Wednesday, September 30, 2009
No Service Salons
I’ve been denied service at the two major hair salons in Amherst. Why? Because I choose to keep my hair natural. So see a black hairstylist, you say. Well, that would work except the black stylist I saw, funnily enough, didn’t know how to cut my hair either. Most likely because she is used to cutting the hair of black women who choose to have their manes chemically treated. In addition to her dry cut consisting of taking a random handful of my hair and chopping, she made judgments about my father. The only thing she knew about him was that he was black, and that he liked my hair natural, and that was enough for her.
“Did those salons really turn you away,” you ask? In the first instance, the owner of the salon where I get regular waxing took one look at my hair and said, “You don’t want me to cut it. Really.” Her reasoning? It will be frizzy for two weeks because it’s raining. As a semi-native of Seattle I am well aware that a haircut in rainy weather does not result in two weeks of frizziness. Perhaps she was confusing it with a hot iron treatment, which is probably what black clients usually come in for. Nevertheless, I decided I did not want to trust her with a pair of scissors, and even my confused expression was met with nothing but continued assertions that "you REALLY do not want me to cut your hair."

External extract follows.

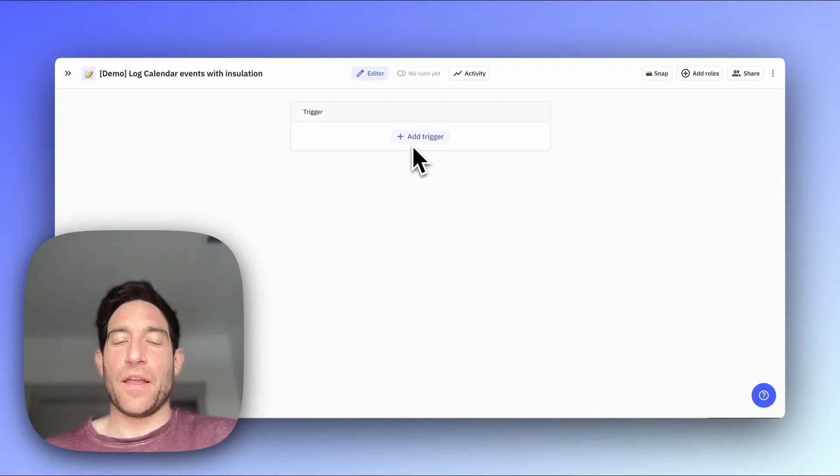In this video, I'm going to show you how to use Relay.app to automatically sync newly created calendar events into a Google Sheet, and then to update the times in that Google Sheet if the time of the underlying calendar event changes. So let's get started.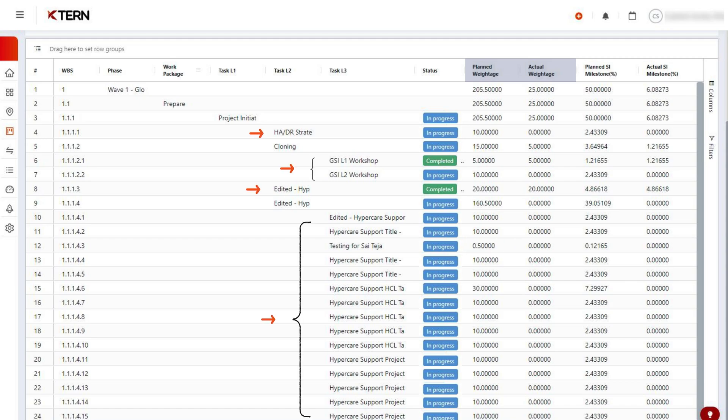Only leaf child tasks can have their weightages set, which will then be rolled up to their parent task. Here, the weightages are set as 5 and 10, so they roll up to 15 for the parent task.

The second stylist, who I had been seeing for the past year, accosted me today as I walked in for my haircut, saying, “Because you’re growing your hair out you’ll want to find someone who knows how to cut your kind of hair" (emphasis mine). Funny, as the first time I saw her I lamented being turned away by the other salon. She was completely sympathetic to my plight, yet also terrified because she could not restyle my hair the way it was when I walked in. No sweat, I said, I just need a cut; I can style it myself. Now apparently even the cutting is too much for this seasoned stylist. Now that I’m growing my hair natural it’s the healthiest it’s ever been. But stylists seem unwilling to tackle this curly black beast in its natural state and instead send me on my way to “my people.” Tell me where my people are, and I’ll be glad to make the journey. None of my people, at least in Amherst, have successfully found a stylist.

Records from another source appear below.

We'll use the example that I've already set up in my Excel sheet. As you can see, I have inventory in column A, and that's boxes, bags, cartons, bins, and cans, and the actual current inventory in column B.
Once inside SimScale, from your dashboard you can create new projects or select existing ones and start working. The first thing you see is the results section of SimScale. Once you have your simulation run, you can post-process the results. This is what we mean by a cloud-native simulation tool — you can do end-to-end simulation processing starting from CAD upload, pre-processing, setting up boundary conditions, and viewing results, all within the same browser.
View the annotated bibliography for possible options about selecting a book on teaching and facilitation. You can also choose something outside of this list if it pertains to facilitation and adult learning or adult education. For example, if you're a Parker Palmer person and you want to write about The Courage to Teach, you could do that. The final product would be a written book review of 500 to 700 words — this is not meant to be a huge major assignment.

This sounds like your typical consumer rant, but it is much more than that. It is an awareness that hairstylists are not taught how to work with natural black hair. It's an awareness that blacks and whites alike are more comfortable giving or receiving lye treatments than they are combing through hair that will remain as curly when it leaves those four walls than it was when the hair walked in. Not that blacks and whites don't love natural black hair and wish they had it for themselves. After finishing my cut today my stylist played with my ponytail puff, commenting on how lovely it was. It reminds me too disturbingly of adults who will declare your ebony beauty but not let you marry into the family. I see a change coming, at least throughout New England, where women of color are rejecting the Caucasian-inducing lye and embracing their natural beauty. Hopefully hairstylists will soon follow suit. Until then, I’ll hop from salon to salon, feigning remorse at my unruly curls, and eagerly await Chris Rock’s black hair documentary entitled, ironically, “Good Hair.”